Se não é produto, não existe

Porque não confiamos em demos do Google. Ou em danças Maia.

Se não é produto, não existe

No final dos anos 1990, trabalhei no Memorial da América Latina. Uma das minhas funções era contar parte da história da invasão europeia, por meio de 6 painéis de 18 metros de altura. Além disso, sou antropólogo e estudei algo sobre povos pré-colombianos. Mas só hoje tive a oportunidade de ver um ritual Maia de perto, na cidade de Mérida, no México.

Por um lado, a experiência foi um tanto decepcionante. É que ela veio sem o contexto cultural, que é o que dá força aos rituais e atividades que chamamos de “religiosas”. Fomos levados a entender tudo como apenas uma dança. Assim, perdemos o poder psicológico e social daqueles movimentos e sons.

Enquanto eu assistia, não conseguia parar de pensar na quantidade de saberes, sabores e experiências perdemos ao longo dos anos.

Reduzimos nossa percepção, ao enfatizar cada vez mais a parte discursiva do cérebro. Ficar ali, parado, experimentando a situação, parece algo estranho. Experimentar cheiros, sonoridades, sensações táteis e “espirituais” é coisa de hippie ou de crédulo.

A menos que isso venha empacotado por franquias, personagens, efeitos especiais e referências ao universo pop. CCXP é aceitável, um festival leigo. Já saída de santo, dança Maia, iniciação budista, tudo isso é coisa de religiosos. Pagar por autógrafo é legal. Pagar por bênção é ridículo.

O ritual Maia que vi não funcionaria em telas. Definitivamente, era preciso estar ali, sentindo o medo quando “dançarinos” pintados de azul praticamente se jogavam em cima da plateia, gritando sons agudos e botando as línguas pra fora.

Houve quem comparasse os dançarinos aos avatares de James Cameron. A cópia é mais famosa que o original. Claro: os avatares funcionam num universo que conhecemos bem, o da midialização da vida.

Só toleramos uma cultura extremamente diferente quando ela está numa tela, seguindo narrativas que reforçam nossos próprios valores e costumes. Avatar só é interessante na medida que traz um sabor exótico à velha narrativa de ação. Renova nosso interesse por algum tipo de consumo.

Uma coisa parecida vem acontecendo com o surgimento da Inteligência Artificial. Ela é uma nova cultura que está se desenvolvendo em frente aos nossos olhos. Mas não podemos, simplesmente, entender o que está surgindo ali. Temos que colocá-la na roda da mídia e do consumo.

As pesquisas de IA viviam, basicamente, num universo acadêmico. Mas empresas como o Google e OpenAI precisam forçar uma mudança de narrativa. Ou é mercado, ou nada. A IA precisa falar a língua da mídia, do capitalismo e do marketing.

Por isso, o Google teve que “falsificar” seu demo do Gemini. Se não o fizesse, as pessoas sequer entenderiam “pra que serve” a IA. Se ela não é produto, se não traz mais conveniência, se não entretém, não serve pra nada.

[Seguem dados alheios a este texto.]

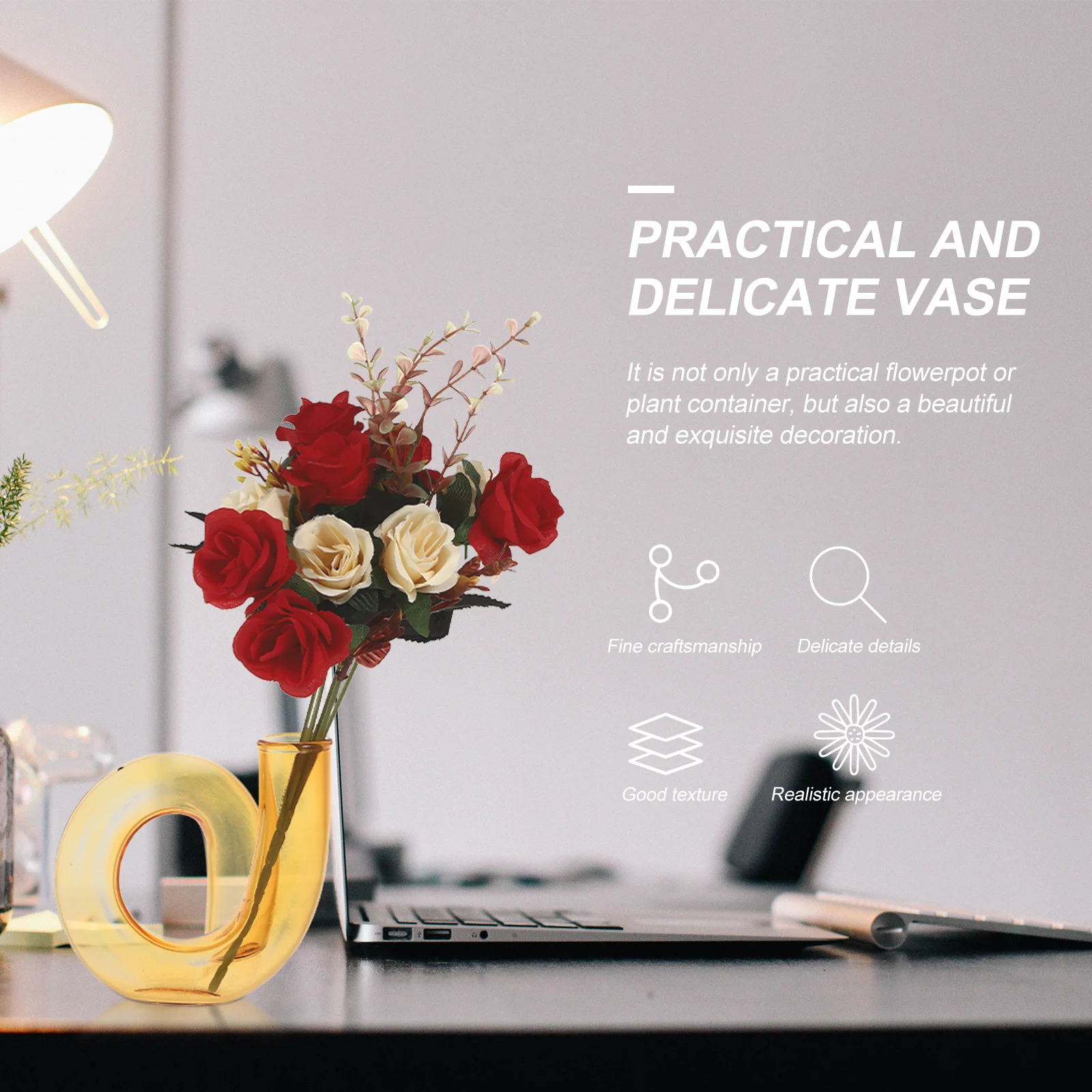 1Pcs Creative Nordic Style Glass Flower Vase Special-Shaped Hydroponic Container Home Decor Flower Holder for Coffee Shop Milk
1Pcs Creative Nordic Style Glass Flower Vase Special-Shaped Hydroponic Container Home Decor Flower Holder for Coffee Shop Milk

É mais ou menos o que acontece com a atual “dança” Maia. Ela também precisa ser produto e entretenimento. Não pode ser levada a sério.

Assim, os Maias acabam também precisando, de alguma forma, “falsificar” seus demos públicos. Não tem outro jeito, já que os rituais não foram originalmente concebidos pra virar mídia ou espetáculo.

O demo recente do Gemini, o novo modelo de IA do Google, foi considerado fake e manipulativo. Mas foi o contrário: revelou a mais pura verdade. A mídia e o marketing são discursos que têm a falsidade e a manipulação como métodos centrais. Portanto, o problema com o demo é que ele foi verdadeiro demais: expôs essas contradições internas.

As empresas estão desesperadas pra transformar a IA em produto. Não dá mais pra pesquisar, apurar, aceitar novas lógicas. É preciso forçar um progresso, acelerar o desenvolvimento e “entregar”.

Da dança Maia até o Gemini, é a mesma coisa. Só entendemos fenômenos que se encaixam nessa lógica de mídia, conveniência e entretenimento. Se não se encaixa, é preciso fingir.